If you will, take your Bibles and open them to Second Chronicles.
Second Chronicles chapters fourteen through sixteen we are introduced and given the record
of the king whose name was Asa.
Asa is the great great grandson of King David, the great grandson of Solomon, the grandson
of Rehoboam, King of Judah.
And Asa is one who stands out in Old Testament history because he was one of the few good
kings of Judah.
Now we recognize that that statement is something of significance because Judah did not
have very many good kings, and yet is a stark contrast to the northern kingdom of Israel
that had exactly zero.
Good kings in the northern kingdom of Israel.
But Asa is one who will reign, and he's going to reign for about forty-two years.
He is going to have a long reign in Judah, and a number of significant events are recorded
during his time and his reign in Judah.
Now there is a difference between the record found in Chronicles and the record found in
the book of Kings.
Record is shorter, only just a portion of a chapter, and does not include all the details
that you find in the book of Chronicles, but we're going to examine the record from the
Book of Chronicles for that reason.
Chapter fourteen verse one So Abijah rested with his fathers, and they buried him in the
city of David.
Then Asa his son reigned in his place, in his days the land was quiet for ten years.
Now, something to remember is that Judah had previously followed the Lord.
Back in the days of David, when David was reigning and on the throne, Judah was following
the Lord.
They were worshiping in accordance with the commandments and the law.

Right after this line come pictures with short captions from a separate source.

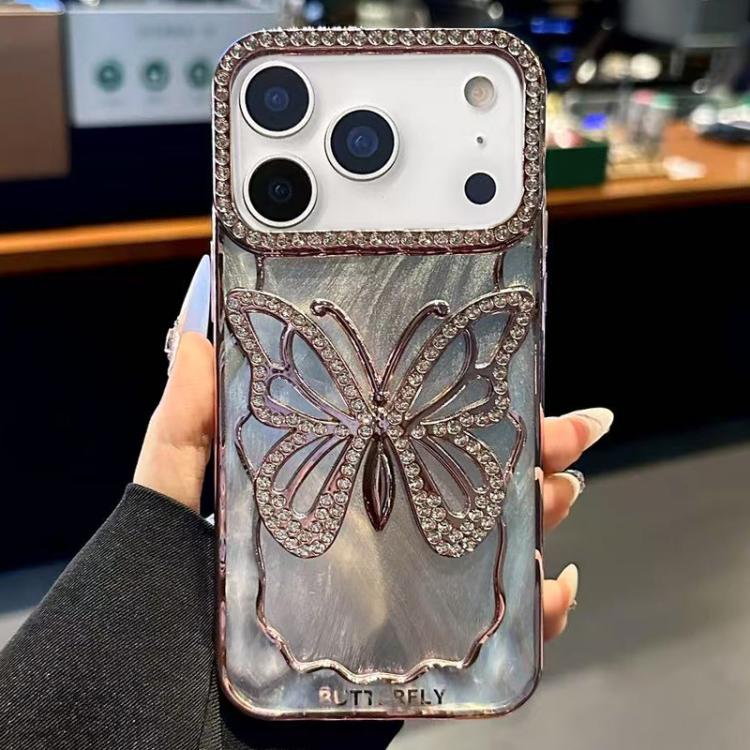 Custodia TPU effetto farfalla per iPhone 17 e 18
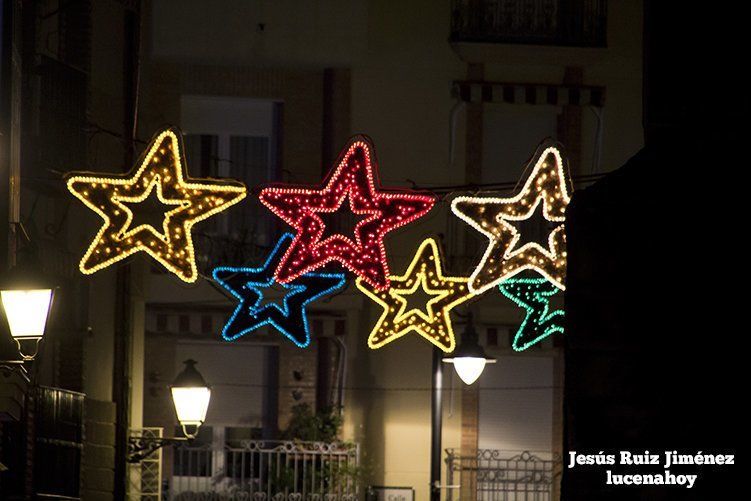 Galería: La Navidad llega adelantadamente al centro de la ciudad, por Jesús Ruiz Jiménez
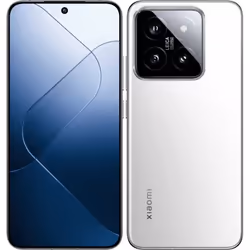 Xiaomi 14, 16,1 cm (6.36"), 2670 x 1200 pixels, 12 Go, 512 Go, 50 MP, Blanc
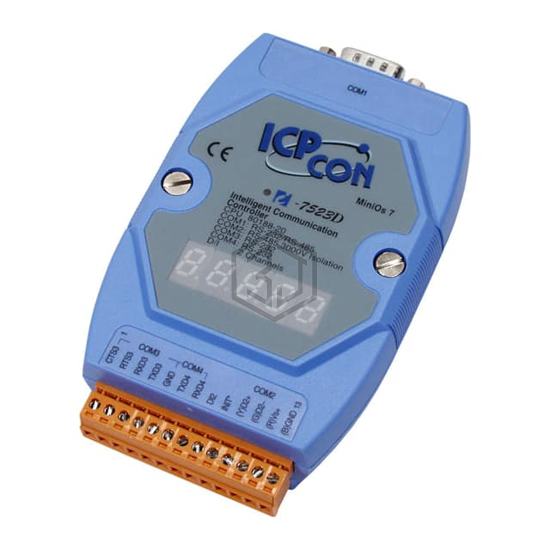 I-7523D - ICP DAS USA INC - Adapters, Converters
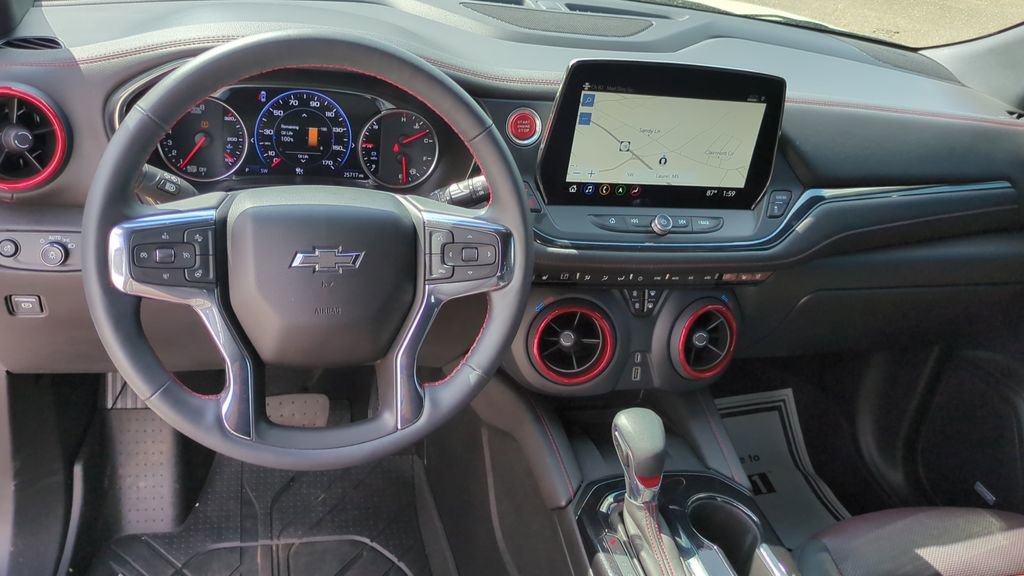 Used 2023 Chevrolet Blazer RS w/ Driver Confidence II Package image 16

They were keeping the things that they were supposed to do, keeping the feasts that they
were supposed to keep.
All of those things were continuing in David's day.
And then after Solomon came to the throne, Solomon continued in the beginning of his reign
to follow after the role of his father David, to follow after his example in both leading
the people and he also built the temple and established and consecrated the temple and the
worship continued under Solomon's reign and Solomon's oversight for a period of time.
But then Solomon began to accumulate great wealth, he began to accumulate great power, he
also began to accumulate many wives.
Through the course of that time Solomon's heart would be pulled away from the Lord by the
wives that he married, because these wives were not Israelites, these were not individuals
who he married out of love, these were contractual agreements and treaties with foreign
kings.
And so Solomon began to build houses for their gods and places for them to worship as we
know he did for the daughter of Pharaoh.
From the time that Rehoboam came to the throne, and during the time that his son Abijah
came to the throne and was reigning, we know that Israel had drifted away from the Lord.
They had drifted away from worshiping God in the appropriate way, and they had begun to
build altars and houses of worship and other things for these idols.
So Asa comes to the throne, and we read in verse two, Asa did what was right and good in
the eyes of the Lord his God.
One of the very first things we read about Asa is that he obeyed the Lord.
Now pause just for a moment and consider the lesson.
What if, if you could think back concerning your life, you could say, you know what?
Easiest way to sum up my life is I did what was good and right in the eyes of the Lord.
That would be a successful life.
No matter how it turned out, no matter what your bank account looked like at the end of
your life, no matter
How the circumstances of your life worked out, if you could summarize your life in he did
that which was good and right in the eyes of the Lord, then you could describe someone as
being successful in their life.
But notice the text, verse three, we read about some of the things that Asa did.
For he removed the altars of the foreign gods and the high places, and broke down the
sacred pillars, and cut down the wooden images.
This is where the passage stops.